Your response to the data below should hold nothing except the lines from the one containing "Owl Perched on Snow in Winter Forest" down to the one containing "Bocados de pollo", reproduced exactly and without pictures.

SOURCE INFORMATION:
+-------+
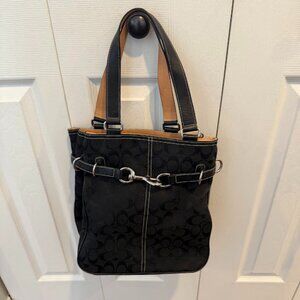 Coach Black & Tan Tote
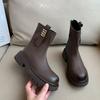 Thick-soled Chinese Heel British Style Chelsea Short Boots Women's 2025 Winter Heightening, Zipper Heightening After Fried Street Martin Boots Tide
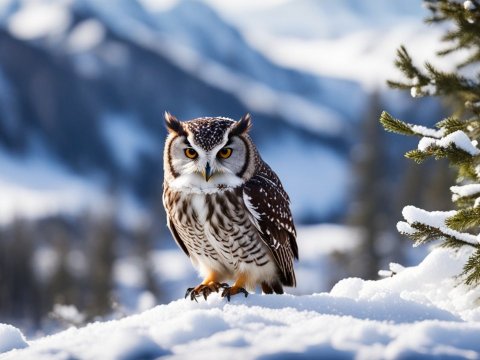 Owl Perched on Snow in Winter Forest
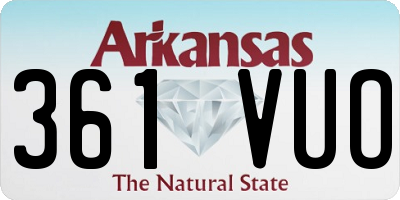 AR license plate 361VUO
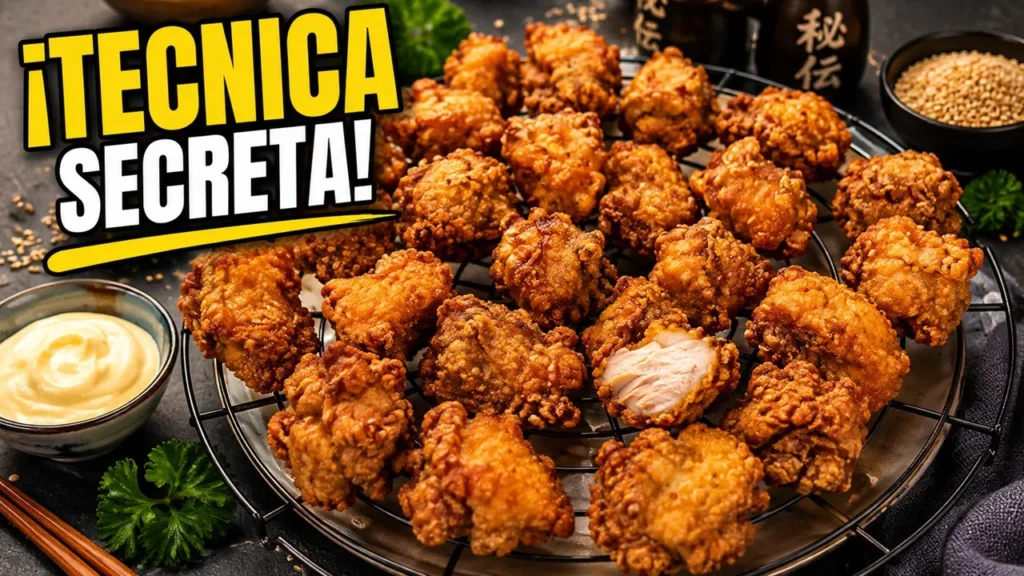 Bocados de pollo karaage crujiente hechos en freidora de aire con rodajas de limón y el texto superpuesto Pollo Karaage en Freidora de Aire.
+-------+
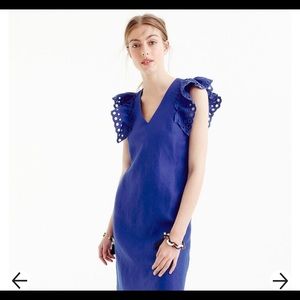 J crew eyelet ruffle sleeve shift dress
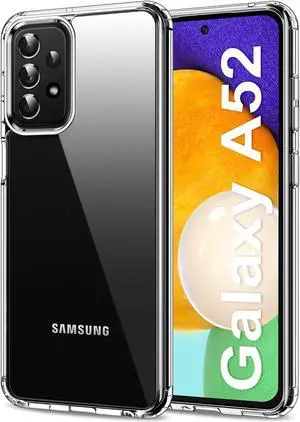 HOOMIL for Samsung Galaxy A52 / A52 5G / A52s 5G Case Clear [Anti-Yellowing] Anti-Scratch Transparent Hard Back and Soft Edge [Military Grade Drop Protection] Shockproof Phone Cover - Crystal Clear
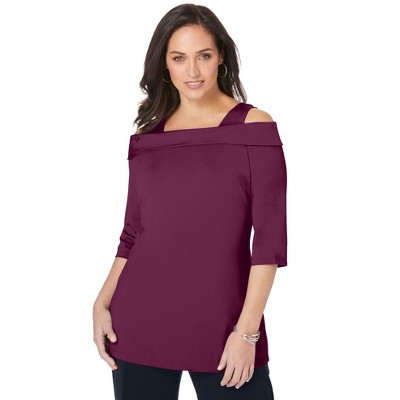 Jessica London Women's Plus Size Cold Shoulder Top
+-------+
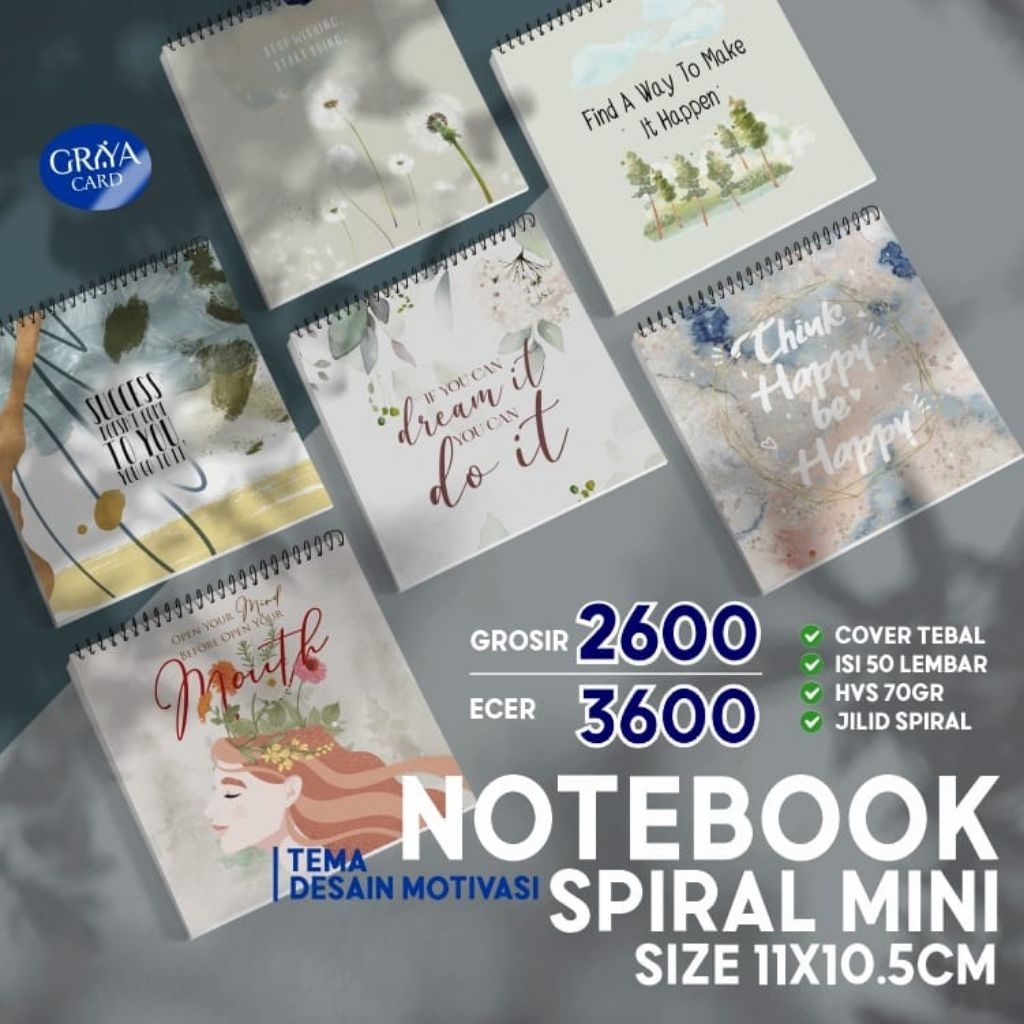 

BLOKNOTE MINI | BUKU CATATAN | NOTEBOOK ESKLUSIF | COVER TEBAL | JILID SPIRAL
+-------+
ANSWER:
 Owl Perched on Snow in Winter Forest
 AR license plate 361VUO
 Bocados de pollo karaage crujiente hechos en freidora de aire con rodajas de limón y el texto superpuesto Pollo Karaage en Freidora de Aire.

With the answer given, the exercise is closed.